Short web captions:
====

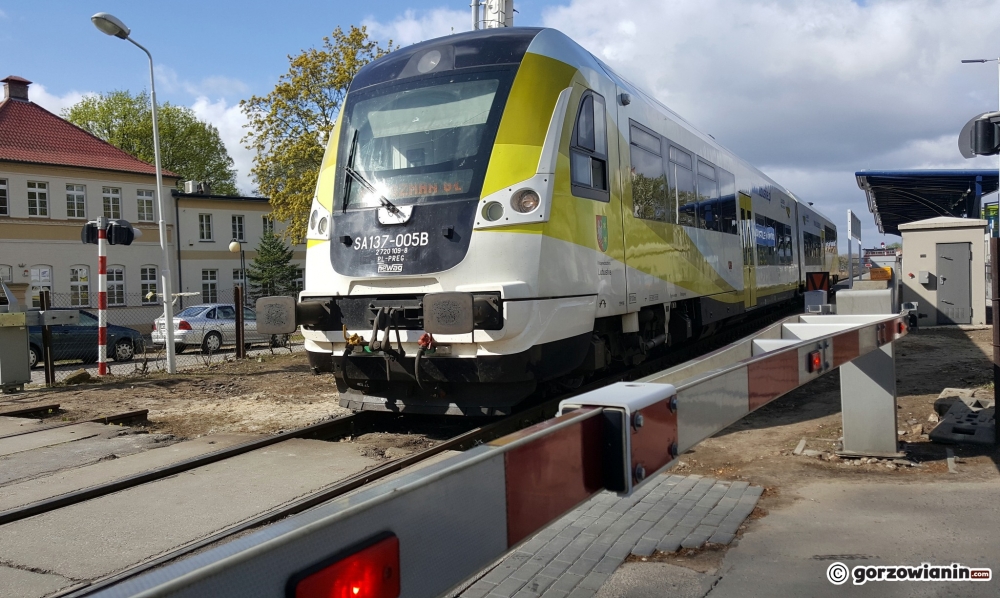 Od niedzieli duże zmiany na lubuskich torach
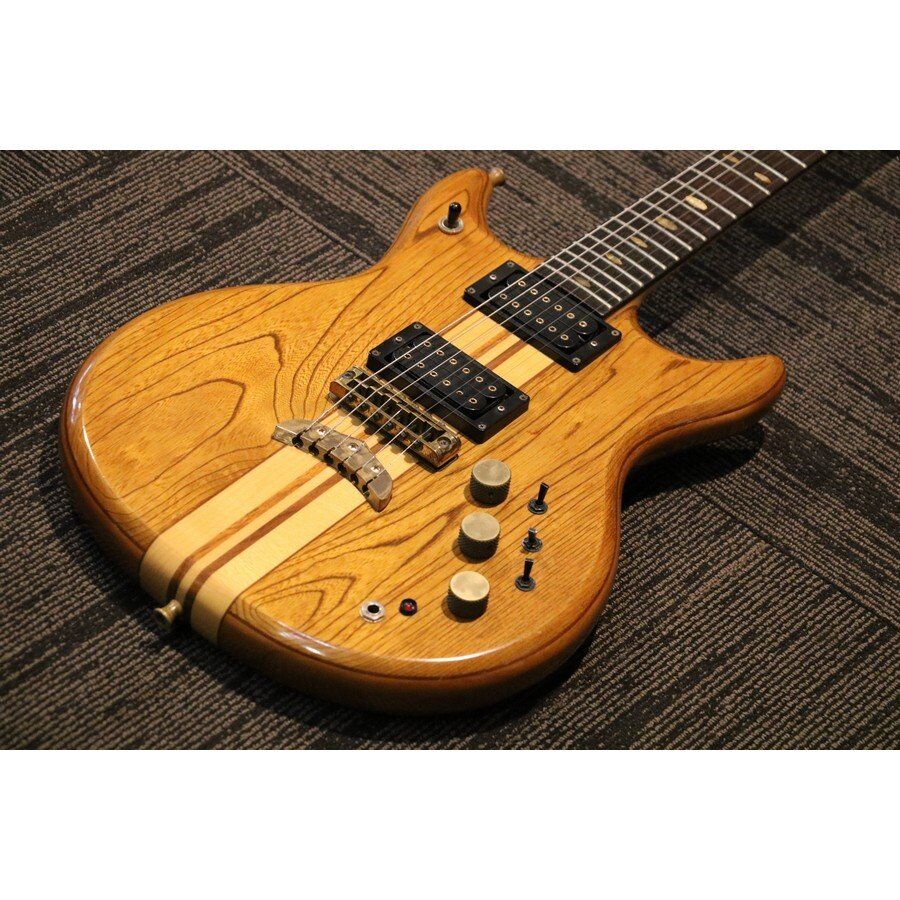 Vantage VA900 1980 Matsumoko - Natural satin - SOLD - Image 2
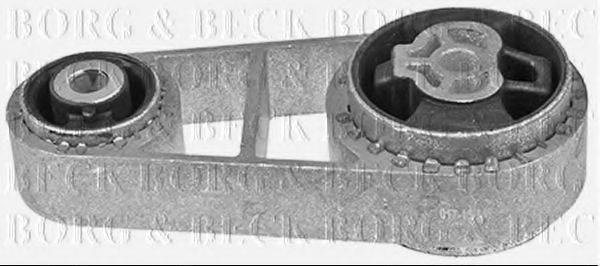 BORG & BECK BEM4164 Підвіска, двигун
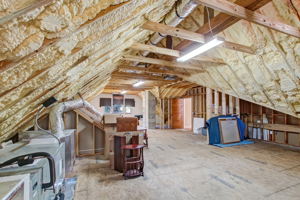 Attic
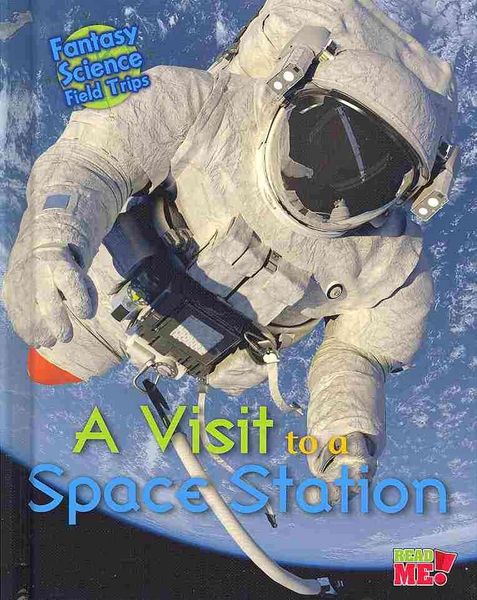Produktbild: Visit To a Space Station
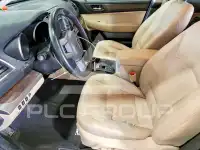 2016 Subaru Outback фото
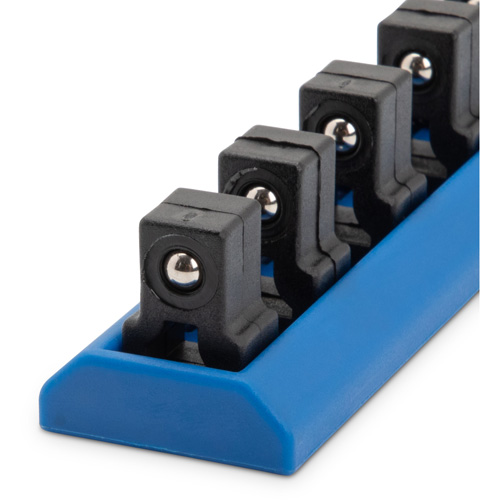 Metric Socket Set, Hex, 3/8" Drive, 12 Pcs Mukwa Safety Services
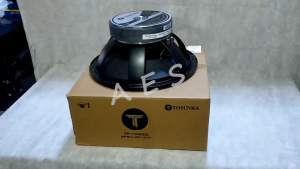 Woofer Speaker TE-15850 Tosunra 850Watts Double Magnet Speaker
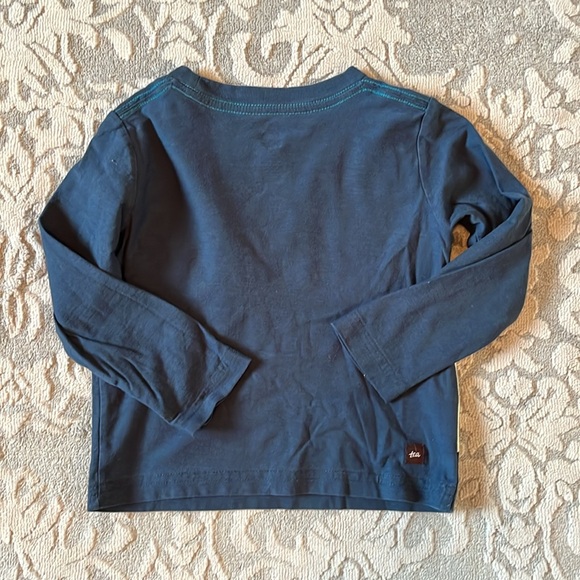 Sz 2 Tea Collection shirt - Picture 3 of 3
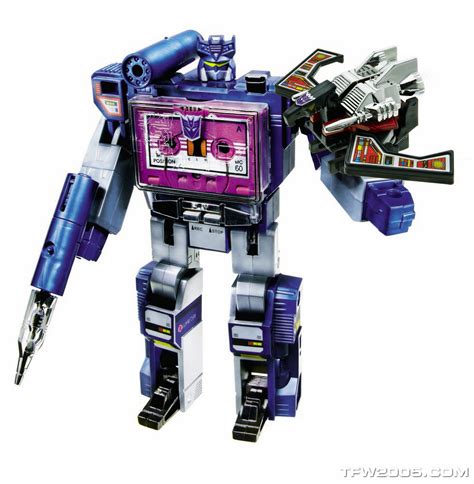 Hasbro Comic Con 2009 Transformers Exclusives Images ...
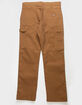 DICKIES Flex Duck Mens Carpenter Pants image number 4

====

_YOUR TASK:_ The answer must be an exact copy of the lines from the one with "Mukwa Safety Services" through the final line above, both ends included, and nothing else; pictures stay out.

_SOLVED EXERCISE:_
 Metric Socket Set, Hex, 3/8" Drive, 12 Pcs Mukwa Safety Services
 Woofer Speaker TE-15850 Tosunra 850Watts Double Magnet Speaker
 Sz 2 Tea Collection shirt - Picture 3 of 3
 Hasbro Comic Con 2009 Transformers Exclusives Images ...
 DICKIES Flex Duck Mens Carpenter Pants image number 4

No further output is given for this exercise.